**Description of the task**:
Return the data below exactly, minus the pictures.

**Data supplied**:
+===+

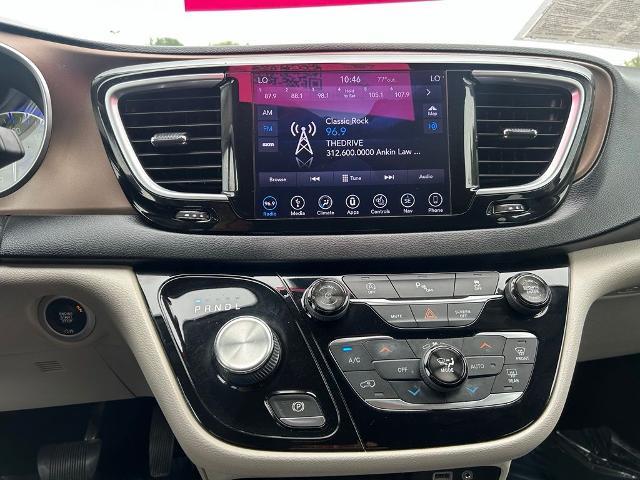 2018 Chrysler Pacifica - $13,359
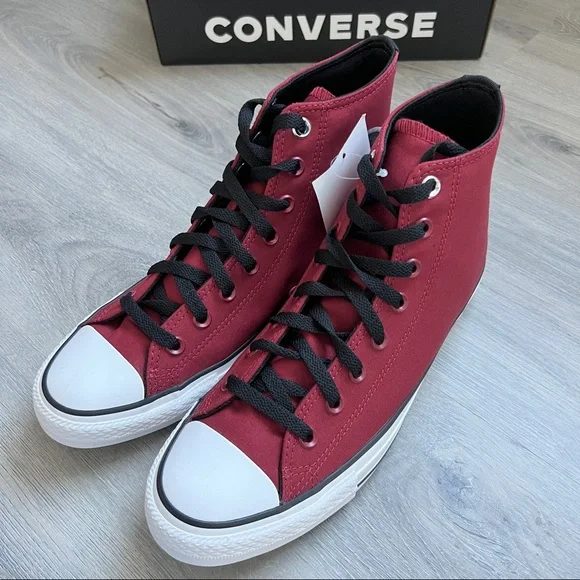 NWT Converse Chuck Taylor All Star - Picture 1 of 6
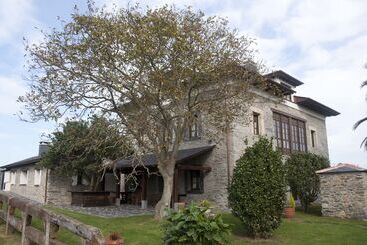 هتل روستایی Casa Pacho Apartamentos Rurales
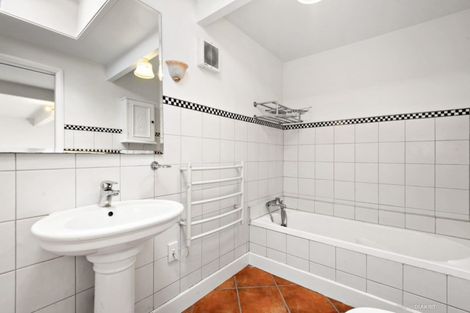 Photo of property in 7 Poplar Grove, Thorndon, Wellington, 6011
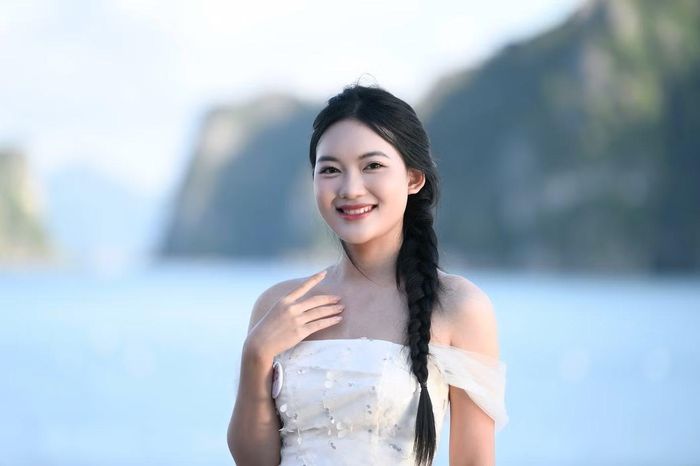 Nguyễn Thị Thảo và Nguyễn Thị Sen là hai cô gái đồng hương Nghệ An. Trong hành trình Hoa hậu Việt Nam, họ thích thú khi được trải nghiệm vẻ đẹp hùng vĩ của biển đảo quê hương. "Vẻ đẹp của Vân Đồn gợi nhắc cho tôi đến khung cảnh của vịnh Lan Hạ. Sau những chuyến đi, tôi càng thêm ấn tượng và yêu thích biển đảo quê hương", Nguyễn Thị Sen cho biết.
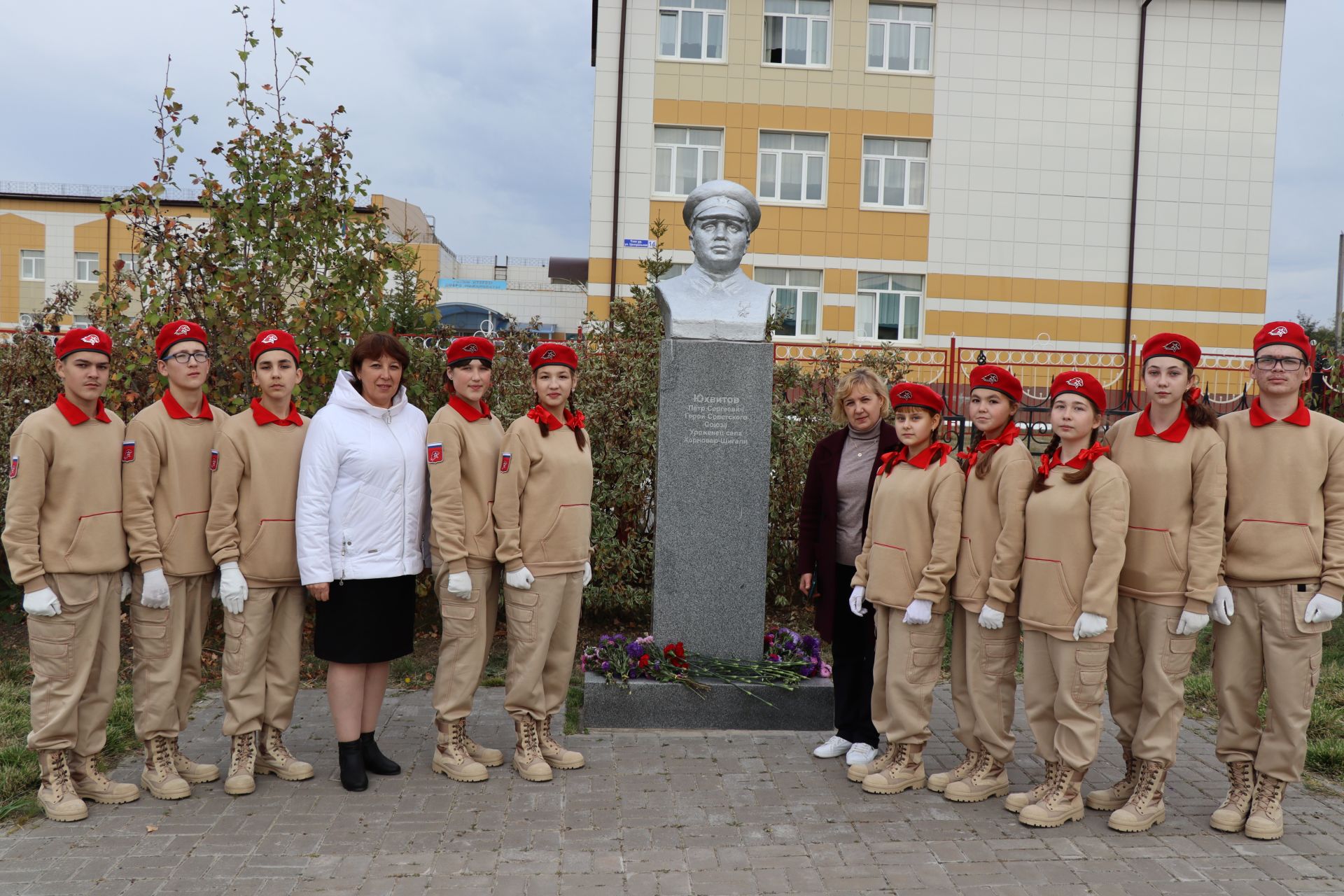 В Дрожжановском районе прошёл митинг к 105-летию Героя Советского Союза Петра Юхвитова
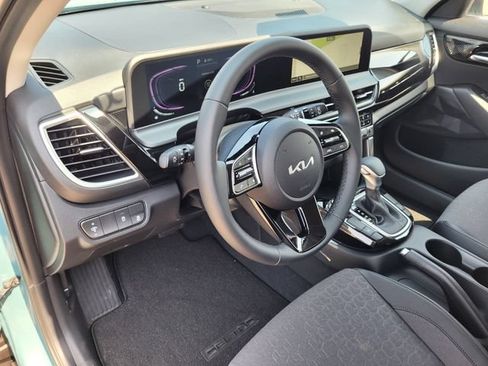 New 2026 Kia Seltos S FWD image 9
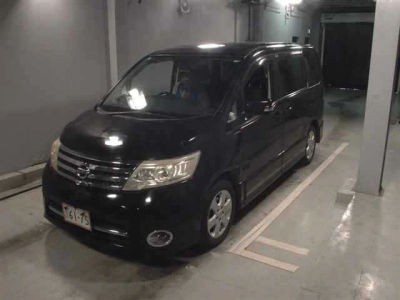 NISSAN SERENA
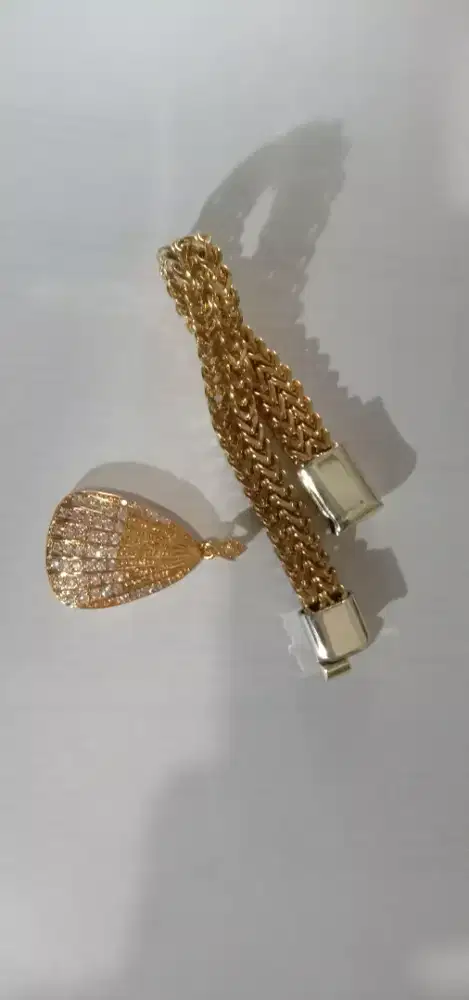 Perhiasan imitasi gelang dan liontin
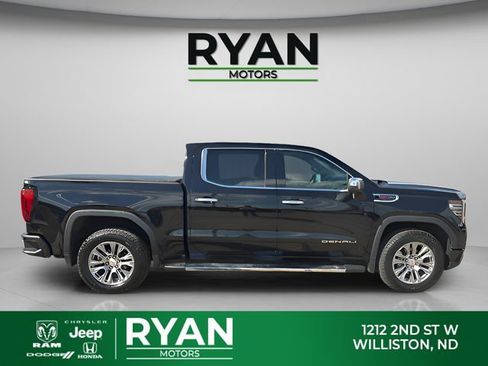 Used 2022 GMC Sierra 1500 Denali AWD/4WD image 2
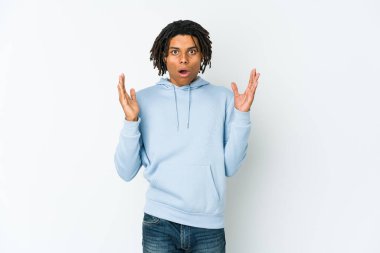 Genç Afro-Amerikan Rasta adamı şaşırdı ve şok oldu..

+===+

**Solved problem**:
 2018 Chrysler Pacifica - $13,359
 NWT Converse Chuck Taylor All Star - Picture 1 of 6
 هتل روستایی Casa Pacho Apartamentos Rurales
 Photo of property in 7 Poplar Grove, Thorndon, Wellington, 6011
 Nguyễn Thị Thảo và Nguyễn Thị Sen là hai cô gái đồng hương Nghệ An. Trong hành trình Hoa hậu Việt Nam, họ thích thú khi được trải nghiệm vẻ đẹp hùng vĩ của biển đảo quê hương. "Vẻ đẹp của Vân Đồn gợi nhắc cho tôi đến khung cảnh của vịnh Lan Hạ. Sau những chuyến đi, tôi càng thêm ấn tượng và yêu thích biển đảo quê hương", Nguyễn Thị Sen cho biết.
 В Дрожжановском районе прошёл митинг к 105-летию Героя Советского Союза Петра Юхвитова
 New 2026 Kia Seltos S FWD image 9
 NISSAN SERENA
 Perhiasan imitasi gelang dan liontin
 Used 2022 GMC Sierra 1500 Denali AWD/4WD image 2
 Genç Afro-Amerikan Rasta adamı şaşırdı ve şok oldu..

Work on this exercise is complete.